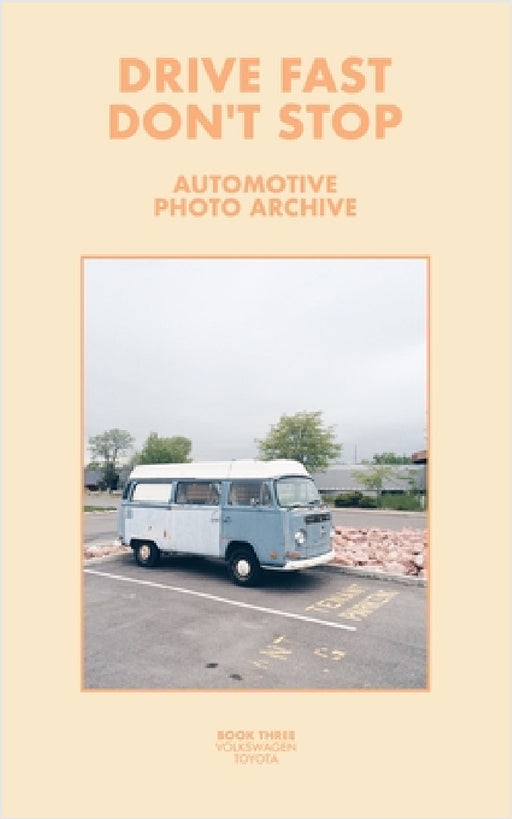 Drive Fast Don't Stop - Book 3: Volkswagen and Toyota by Drive Fast Don't Stop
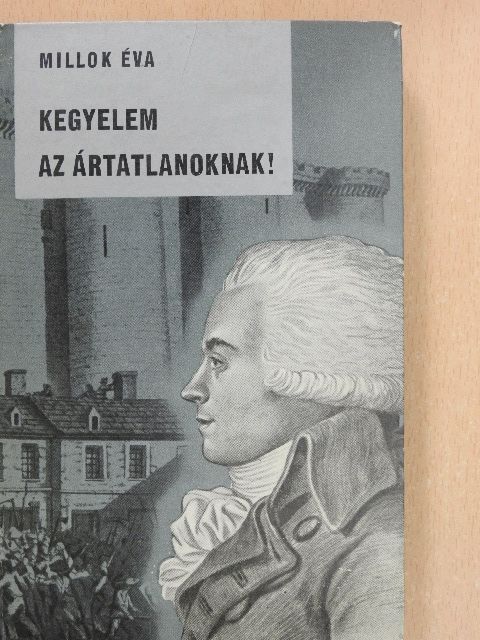 Millok Éva - Kegyelem az ártatlanoknak! [antikvár]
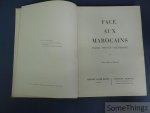 Jean Duroc-Danner, préfaces par le Général Juin, le Général de Lattre de Tassigny et le Général de Linares - Face aux Marocains. Italie - France - Allemagne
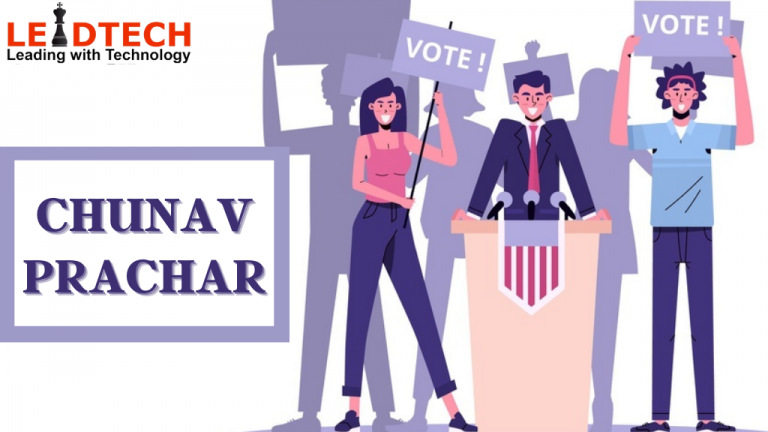 chunav-prachar-role-to-win-political-election-leadtech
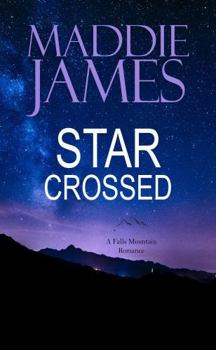 Star Crossed (Falls Mountain Romance) - Book #12 of the Harbor Falls Romance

※

Exercise instructions: Write every line above again exactly, but leave the pictures out.

Answer area:
 Drive Fast Don't Stop - Book 3: Volkswagen and Toyota by Drive Fast Don't Stop
 Millok Éva - Kegyelem az ártatlanoknak! [antikvár]
 Jean Duroc-Danner, préfaces par le Général Juin, le Général de Lattre de Tassigny et le Général de Linares - Face aux Marocains. Italie - France - Allemagne
 chunav-prachar-role-to-win-political-election-leadtech
 Star Crossed (Falls Mountain Romance) - Book #12 of the Harbor Falls Romance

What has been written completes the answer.